German bomber wing of World War II

Kampfgeschwader 25 (KG 25) was a short-lived Luftwaffe bomber wing during World War II. Formed from the crews and aircraft of Erprobungskommando 88, KG 25 operated the Junkers Ju 88. In September 1939, KG 25 was disbanded after its Staffeln were redesignated as the first Gruppe of Kampfgeschwader 30.

==Operational history==
Before the outbreak of World War II, Erprobungskommando 88, commanded by Hauptmann Helmuth Pohle, had been formed at Rechlin to test the Junkers Ju 88. In August 1939, 12 crews and their Ju 88 aircraft were transferred to Jever, where they were designated as the first Staffel of Kampfgeschwader 25 (1./KG 25).
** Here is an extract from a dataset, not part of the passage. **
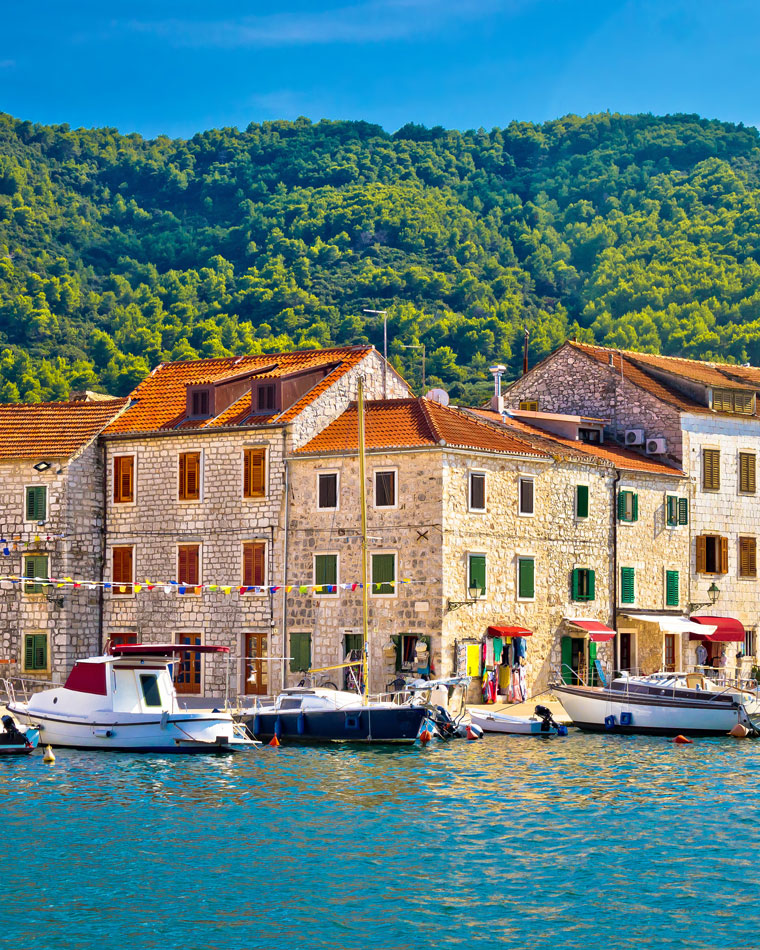 Boats and stone buildings line the coast of Stari Grad.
After the British declaration of war on Germany on 3 September, the 10th Flieger-Division was formed to target British shipping. Due to the 10th Flieger-Division being understrength as a result of aircraft being committed to the Invasion of Poland, the 12 Ju 88s of 1./KG 25 were attached to the division. However, General der Flieger Hellmuth Felmy, the commander of Luftflotte 2, did not believe that the new unit, while still undergoing technical trials of their aircraft, should be sent into combat in this manner. Consequently, 1./KG 25 was withdrawn to Greifswald, where six Ju 88s were forming 2./KG 25.

On 7 September, 1./KG 25 and 2./KG 25 were redesignated. The two Staffeln formed the first Gruppe of Kampfgeschwader 30 (I./KG 30), remaining under the command of Hauptmann Pohle. As a result, KG 25 was disbanded.